The U.S. Bank Foundation, the charitable arm of the U.S. Bank, awarded Wonderland Camp a Community Possible grant for the fourth time in a row May 8th, 2020.

The U.S. Bank Foundation, the charitable arm of the U.S. Bank, awarded Wonderland Camp a Community Possible grant for the fourth time in a row May 8th, 2020. The Community Possible program has awarded “Play” category grants to local organizations promoting arts, cultural and play opportunities within disadvantaged communities since 2017.

Wonderland Camp, an 11-week summer camp in Rocky Mount, Mo. designed for those with special needs, received the grant in support of its mission to provide a fun, educational and safe camp experience for children, teenagers and adults who have disabilities; to offer a respite from daily caregiving for their family members and caregivers; and to provide and nurture a personal development experience for volunteers and staff. Having had to cancel the normal summer session out of an abundance of caution for the safety of campers during the COVID-19 crisis, the $4,000 grant will be used to help provide for special weekend camps later in the year, camp operating expenses and miscellaneous maintenance needs.

Mike Clayton, Wonderland Camp's Director of Fund Development and Communications, said that such contributions are appreciated at any time, but especially welcome after the momentous changes caused by the COVID-19 crisis.

“[Wonderland Camp] encompasses 125 acres—as you can imagine, it costs a lot of money to run a summer camp for people with disabilities of any size, but certainly of that size,” he said. “When we found out we received the U.S. Bank grant for general operating funds, it couldn’t come at a better time—we were completely elated. We’re thrilled to have U.S. Bank in the community…they’re good stewards of the community and always take care of those in need.”
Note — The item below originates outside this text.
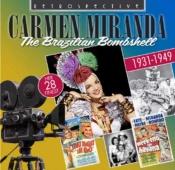 Capa do artigo The Brazilian Bombshell - CD
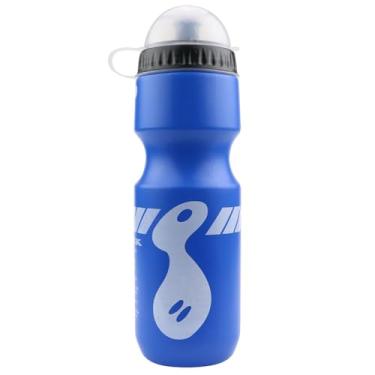 Imagem de Garrafa de água para bicicleta com porta-garrafas alumínio e parafusos leves atividades ciclismo passeios mountain bike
The reason the camp receives such support year after year, Clayton believes, is because it has made responsible use of its donors’ funds throughout their 50-year history. “We operate our camp debt-free, and not a lot of non-profits can say that,” he said. “I think they [U.S bank] realize that Wonderland serves an important purpose.”

The grant was part of the U.S. Bank Foundation’s commitment to creating vibrant communities in its 25-state service area. The Community Possible grant “focuses on closing the gaps between people and possibility in the areas of Work, Home and Play.”

Clayton agreed that summer camps like Wonderland have helped make a real difference in the quality of life for those with disabilities, especially in regard to outdoor play.

“Back in 1969, when Charles Miller founded the Camp…special needs people didn’t have an opportunity to go outside as much and to participate in play like other kids did,” he said. “He wanted people outside swimming, boating, fishing, shooting at the archery range, shooting BB guns, mini-golfing, rock climbing, and crossing the Burma Bridge, all the things that Wonderland Camp is now.”